On Sun, 7 Nov 2021, Mark Cave-Ayland wrote:
On 06/11/2021 17:26, BALATON Zoltan wrote:
On Sat, 6 Nov 2021, Mark Cave-Ayland wrote:
On 02/11/2021 15:39, BALATON Zoltan wrote:
On Tue, 26 Oct 2021, BALATON Zoltan wrote:
On Tue, 26 Oct 2021, Mark Cave-Ayland wrote:
What was the response from the NetBSD port-macppc mailing list? The NetBSD guys use QEMU a lot as part of their CI/release engineering process and are generally very responsive and knowledgeable: at the very minimum they will be able to point you directly towards the code in question.
I don't know. Are you subscribed to that list or know their IRC channel you could ask them faster? Please cc me the answer. I've tried my best to find this out but I don't have more time to spend with this now.
What will be done about this so that QEMU 6.2 won't be released in a state that MorphOS can't boot on mac99 any more? Looks like NetBSD list can't help finding the problem and I'm not able to debug it. (I think this may be an existing bug only exposed by this patch not caused by it based on the response we got so far. It looks like there's some overlap in memory usage for some reason which causes parts to be overwritten and adding another /pci node probably causes more stuff to be overwritten so it breaks but otherwise it probably just overwrites less critical stuff and still boots by chance. This is likely since most versions don't boot either before or after this patch.)

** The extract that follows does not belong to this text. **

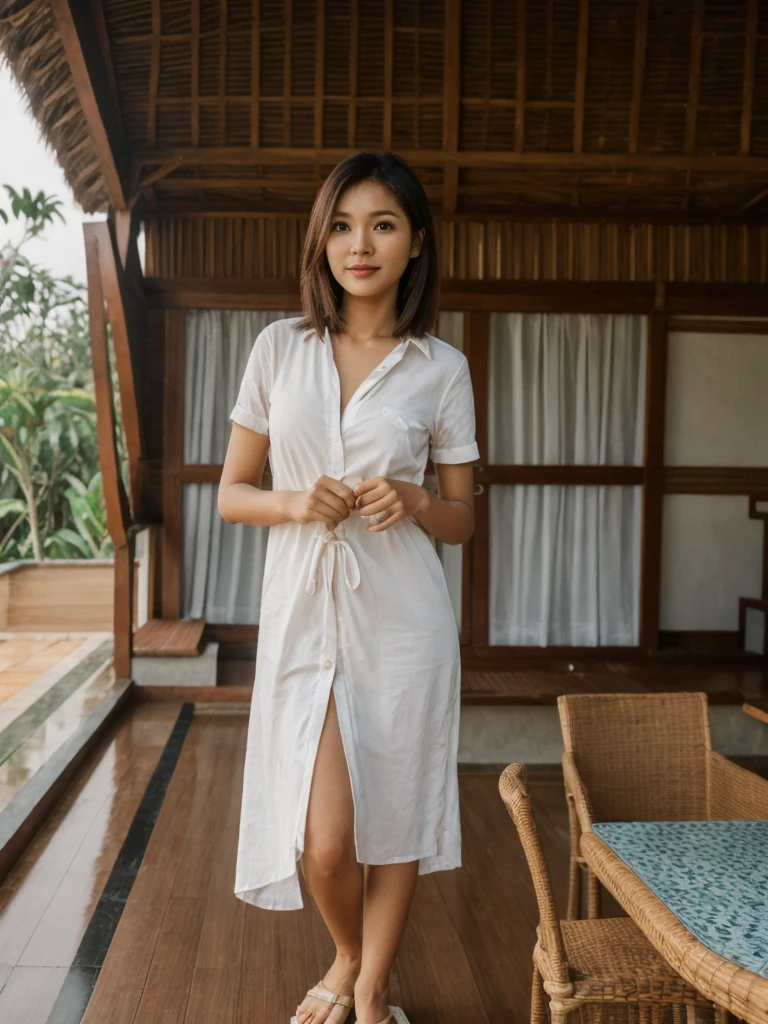 Mina, 1girl, solo, realistic, photorealistic, high quality picture, 8k, high resolution, detailed quality, film grain, natural photo, ultrarealistic, (((25-years-old))), ((detailed wrinkles in her face)), FILIPINA, (Background: Indonesian), (((SLIM))), ((THIN)), (Slender) (Auburn Short hair)), come hither look, fully clothed, Pose: standing, ((standing on her patio in her house in Indonesia)), sunrise, full shot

I think we have two options for the next QEMU release given that we only have one week left for bug fixes:
- Take the original v8 patch adding the pci node with actual pci bus
info and accept this breaks NetBSD 8.0 and 9,0 (but 9.2 still works).
or
- Take the dummy-pci patch that does not break anything but fixes the
MorphOS boot. (This may be a hack but it could be cleaned up later and does the job for now.)
What's your decision on this?
Firstly option 1 is not a viable choice because it would break booting NetBSD 8.0/9.0 for people that have existing disk images. But then option 2 is not
I think this breakage is not caused by this patch but only exposed by it. Therefore it's also not possible to fix it in this patch so don't blame this patch but look for the problem elsewhere and fix it there. This should be no reason to withhold this patch but if it is I've provided an alternative with the dummy-pci that did not break this case but still fixed the problem I'd like to fix.
suitable in that it moves the DT further away from that of a real Mac: the aim should be to move the emulation closer to real life rather than further from it.
OK but then is there an option that is viable and possible to do for QEMU 6.2 release?
I also would not agree with your statement that the patch doesn't break anything, since the fact regressions caused by earlier versions of this patch have only been caught by my pre-merge tests highlight the problem of testing coverage.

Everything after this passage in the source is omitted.